Segala apa yang telah mereka lakukan untuk bangsamu pada akhir abad 19 ini sudah termasuk gaya lama, kata Papa. Sekarang ini, menurut Papa lagi, Pribumi sendiri yang harus berbuat sesuatu untuk bangsanya sendiri. Karena itu kalau dulu kita bicara tentang usaha Doktor Snouck Hurgronje sama sekali bukan suatu kebetulan. Sarjana tsb. menempati kedudukan terhormat dalam penilaian keluarga kami. Kami memuji assosiasi yang justru kau tertawakan itu. Jadi mengertilah, sahabat, mengapa Papa punya perhatian padamu. Memang belum pernah Papa dan kami berdua menemui orang Jawa seperti kau. Sikapmu, katanya, sepenuhnya Eropa, telah terlepas dari acuan budak Jawa dari jaman kekalahan semenjak orang Eropa menginjakkan kaki di bumi kelahiranmu.

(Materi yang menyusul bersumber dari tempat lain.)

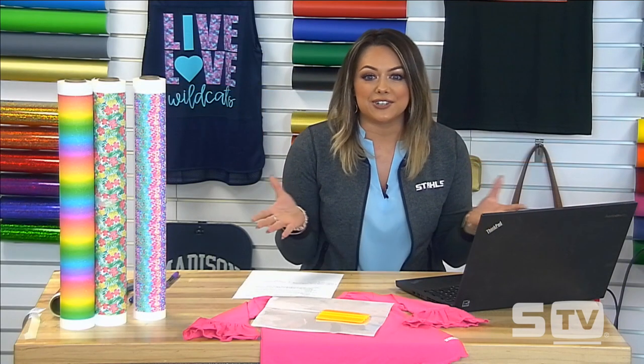Good morning or good afternoon depending on where you're joining us. Thank you so much for joining me today where we're going to be discussing everything that is glitter pattern. We're going to be going over some popular print methods and also best practices, because this is a new product and if you're not already working with it, it can be a little bit difficult to work with or get to show up correctly on your garment.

Di malam sunyi dalam gedung kami yang besar dan lengang ini, apabila Papa tidak lelah, sukalah kami mendengarkan uraiannya tentang nasib bangsamu, yang pernah melahirkan beratus dan beribu pahlawan dan pemimpin dalam usaha menghalau penindasan Eropa. Seorang demi seorang dari mereka jatuh, kalah, tewas, menyerah, gila, mati dalam kehinaan, dilupakan dalam pembuangan. Tak seorang pun pernah memenangkan perang. Kami dengarkan dengan terharu, juga ikut menjadi jengkel dengan kelakuan para permbesarmu yang menjuali konsessi pada Kompeni untuk kepentingan sendiri sebagai pertanda kekeroposan watak dan jiwanya…

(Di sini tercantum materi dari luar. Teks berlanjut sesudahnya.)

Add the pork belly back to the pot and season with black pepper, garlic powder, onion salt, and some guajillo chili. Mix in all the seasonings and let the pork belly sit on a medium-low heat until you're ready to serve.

Kodrat ummat manusia kini dan kemudian ditentukan oleh penguasaannya atas ilmu dan pengetahuan. Semua, pribadi dan bangsa-bangsa akan tumbang tanpa itu. Melawan pada yang berilmu dan pengetahuan adalah menyerahkan diri pada maut dan kehinaan.

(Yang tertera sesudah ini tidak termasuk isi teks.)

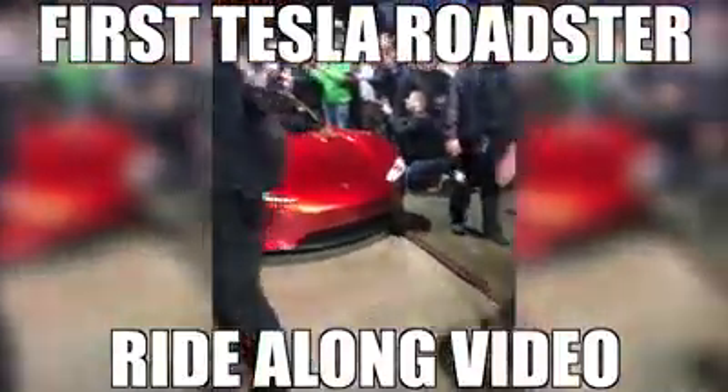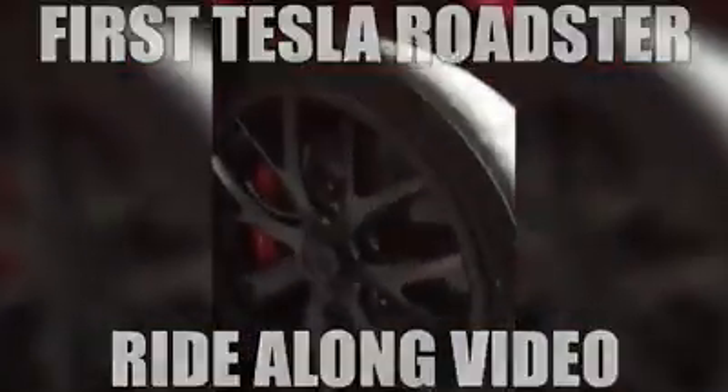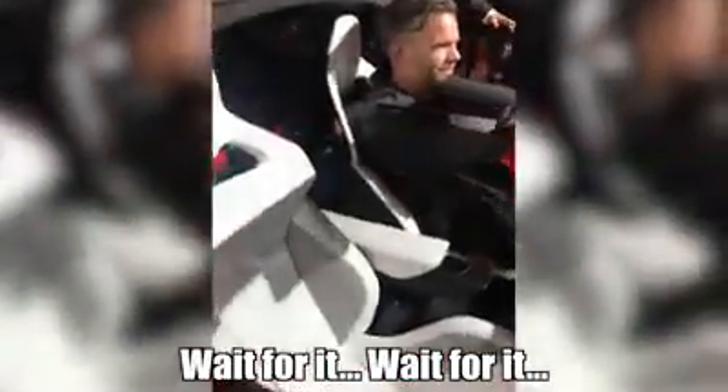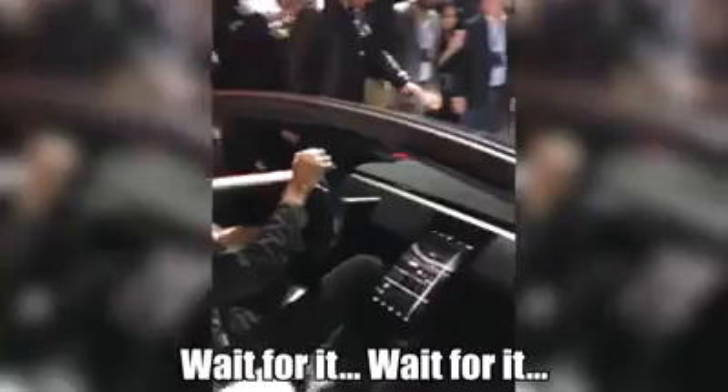We gotta go this way! Nice move! Run! Where's the run? Shut up! Woo! Yay! Let's do that thing!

Perhatikan, semua nada bercurahan rancak menuju dan menunggu bunyi gung. Begitu dalam musik Jawa, tetapi tidak begitu dalam kehidupannya yang nyata, karena bangsa yang mengibakan ini dalam kehidupannya tak juga mendapatkan gungnya, seorang pemimpin, pemikir, yang bisa memberikan kataputus…

Dengarkan gamelan itu, kata Papa lagi. Begitulah berabad-abad belakangan ini. Dan gung kehidupan Jawa tak juga tiba. Gamelan itu lebih banyak menyanyikan kerinduan suatu bangsa akan datangnya seorang Messias—merindukan, tidak mencari dan tidak melahirkan. Gamelan itu sendiri menterjemahkan kehidupan kejiwaan Jawa yang ogah mencari, hanya berputar-putar, mengulang, seperti doa dan mantra, membenamkan, mematikan pikiran, membawa orang ke alam lesu yang menyesatkan…

Kutipan-kutipan di atas merupakan sebagian isi surat Miriam de la Croix kepada Minke. Dalam surat ini, Miriam mencoba mengklarifikasi beberapa hal, terutama tentang teori asosiasi Snouck yang membuat Minke gusar. Dari surat ini, kita bisa membaca pelukisan Pramoedya tentang nuansa hubungan orang Belanda dengan pribumi di tanah Hindia. Tak semua orang Belanda, bahkan pembesar di pemerintahan Kolonial, mengingkari akibat buruk kebijakan negara mereka di Hindia. Di sini, Pramoedya juga mengungkap pandangannya tentang alam pikir orang Jawa melalui ‘filsafat’ gamelan.

Mengapa aku jadi begini lunak di tangan wanita seorang ini? Seakan segumpal lempung yang bisa dibentuknya sesuka hatinya? Mengapa tak ada perlawanan dalam diriku? Bahkan kehendak untuk bertahan pun tiada? Seakan ia tahu dan dapat menguasai pedalaman diriku, dan memimpinku ke arah yang aku sendiri kehendaki?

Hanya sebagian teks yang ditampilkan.